Imagine returning to the place of your childhood and, half a century later, finding it completely unchanged; the land, the house, the furniture, the light and the smells. Such was my experience in the summer of 2014, when I had just started working on the Restless Hungarian book and film.   I had been given a one-month retreat in the Modernist house that my father designed the year that I was born. It had been restored by the Cape Cod Modern House Trust.

In their book, Cape Modern, architectural historians Peter McMahon and Christine Cipriani write:

The house is a clear structural diagram, a small glimpse into the thought process of one of the twentieth century’s great engineers.

The design is elegant in its simplicity, a rectangular box built on a slope with its southern end floating in space amongst the trees, supported by slender stilts.

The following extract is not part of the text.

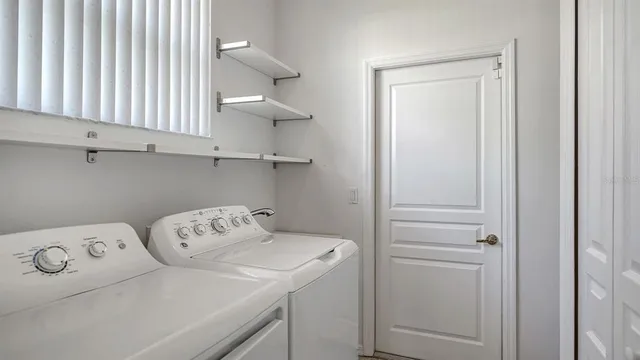 a view of a lake with houses in the background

The south and west walls of the living room are floor-to-ceiling sliding glass panels that create the most delicate and permeable boundary between inside and outside. The house is honest in its use of simple materials, adhering to Bauhaus principles.

 

 

 

 

 

 

 

My father Paul loved to this story about his design:

When I began to work on it, there were a lot of famous architects in that neighborhood and they offered all kinds of suggestions. I totally ignored them. Then Le Corbusier came to New York and I spent some time with him and he told me that I did everything wrong. And then when the house was built, one of the architecture magazines featured it, and there was a list of the names of the foremost architects in the world whose advice I totally ignored.

I had spent the first fourteen summers of my life the house… and it is a place I often have returned to it in my dreams.   While staying there I made a short film… a visual poem, about the house as I experienced it as a child. It’s the most personal of the short films I had made about my father for The Restless Hungarian Website.